A big blow to Congress in Amethi, Rae Bareli

It lost all five segments, finishing third in all the segments, barring Harchandpur

March 07, 2012 04:36 am | Updated November 16, 2021 11:29 pm IST - NEW DELHI

The Samajwadi Party swept the Gandhi bastions of Amethi and Rae Bareli in central Uttar Pradesh, winning eight of the 10 Assembly seats in the parliamentary constituencies represented by Rahul Gandhi and his mother Sonia Gandhi respectively.

Apart from this, the SP won nine of the 10 segments in the neighbouring Congress strongholds of Pratapgarh and Sultanpur, held by Ratna Singh and Sanjay Singh respectively.

In Pratapgarh, the party retained Rampur Khas, held for years by its legislative party leader Pramod Kumar Tiwari.

Worse, the party did not just lose 17 of the 20 segments in these four parliamentary seats which it holds, it did not even come second in 13 of these Assembly segments.

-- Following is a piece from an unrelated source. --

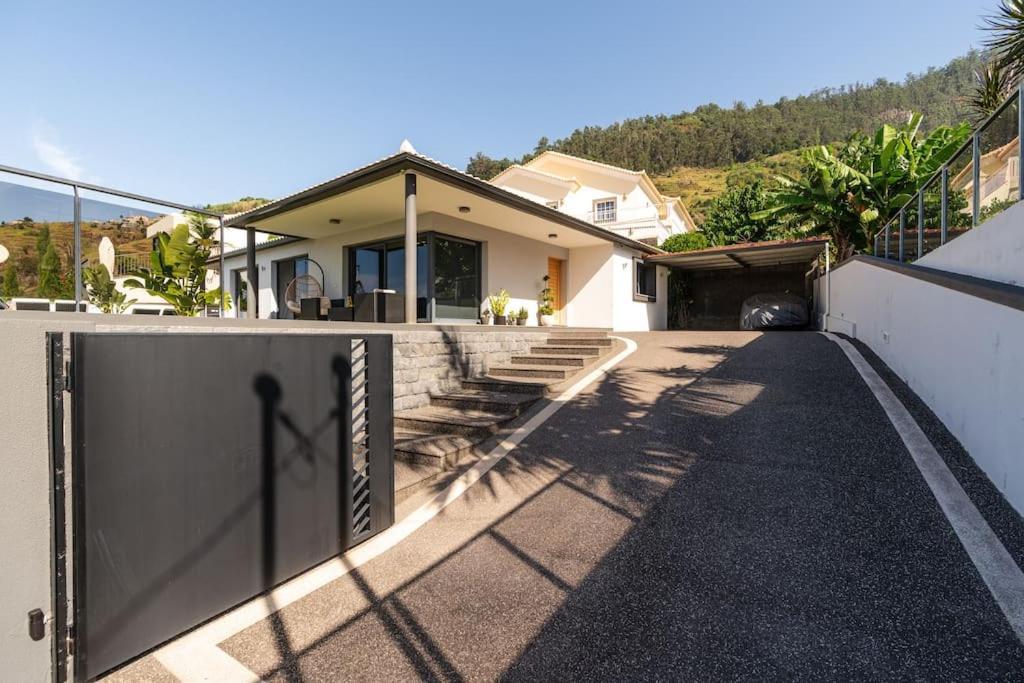 הוילה ארקו דה קלחטה Casa Mia, A Dream Spot With Heated Pool מראה חיצוני תמונה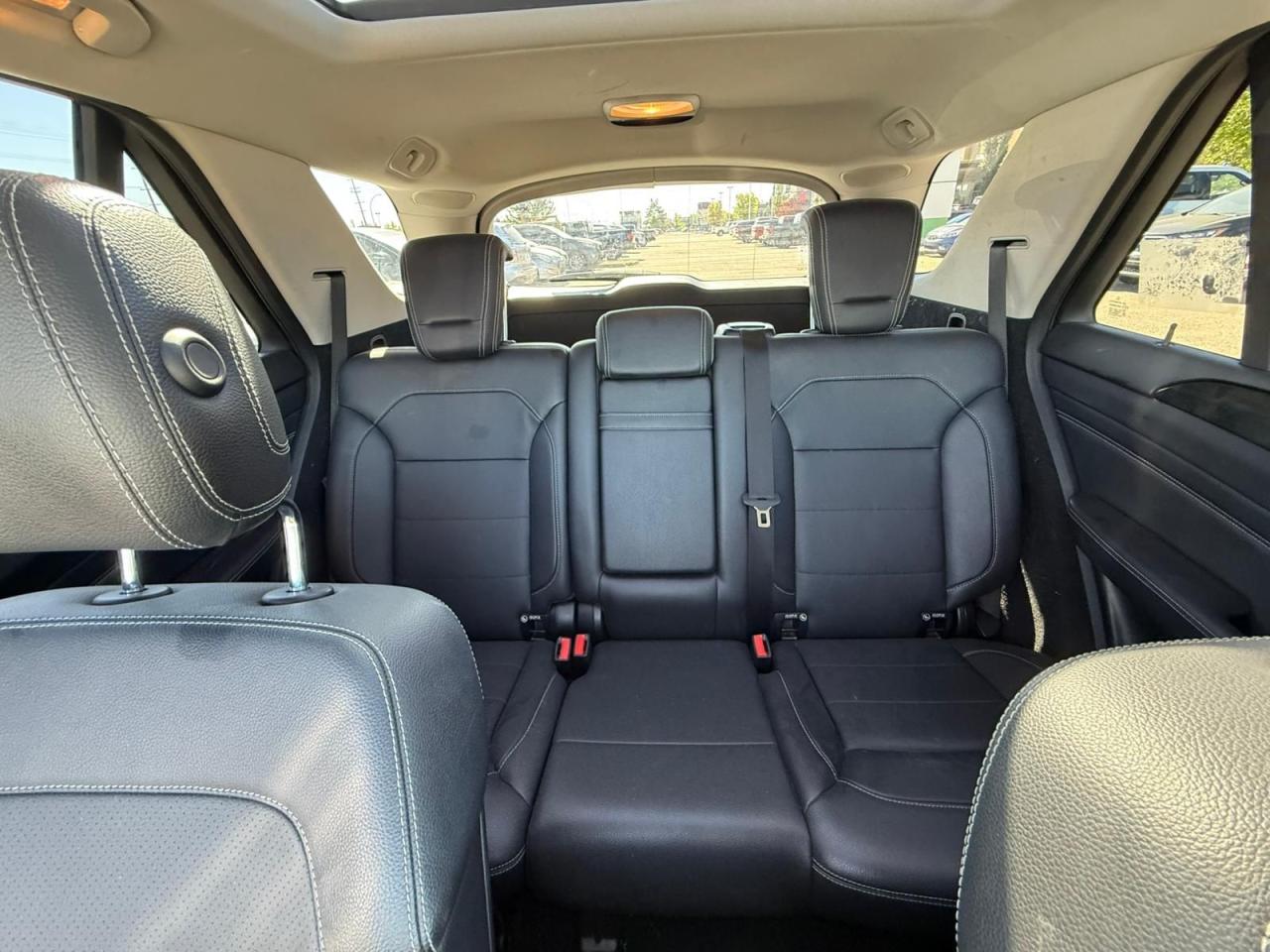 2013 Mercedes-Benz M-Class ML 350 BlueTEC | ALL CREDIT ACCEPTED!! - Photo #18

In the 2007 Assembly elections, the Congress fared significantly better, securing eight of the seats in these parliamentary constituencies, which have changed significantly following the delimitation of 2008.

Is the Gandhi family's influence on the wane?

The humiliation was most perceptible in Ms. Gandhi's Rae Bareli, where the Congress lost all five segments, finishing third in all the segments barring Harchandpur, where its candidate came second.

The party's candidates even lost to candidates of lesser known formations such as the Rashtriya Swabhimaan Party and the Peace Party in the Bachhrawan and Rae Bareli Assembly segments respectively.

In Amethi, the results were marginally better – the Congress won two segments, Tiloi and Jagdishpur. In the others, The SP decisively defeated Sultanpur MP's wife and former badminton champion Ameeta Singh in Amethi and breezed through Salon. In Gauriganj, it squeaked through by a margin of just 500 votes.

Evidently, neither the Gandhi name nor the fact that Mr. Gandhi's sister, Priyanka Vadra, who camped in the area and campaigned vigorously, helped.

While the first family of the Congress campaigned hard, the influence of its other leaders on the electorate too did not appear to have helped its cause.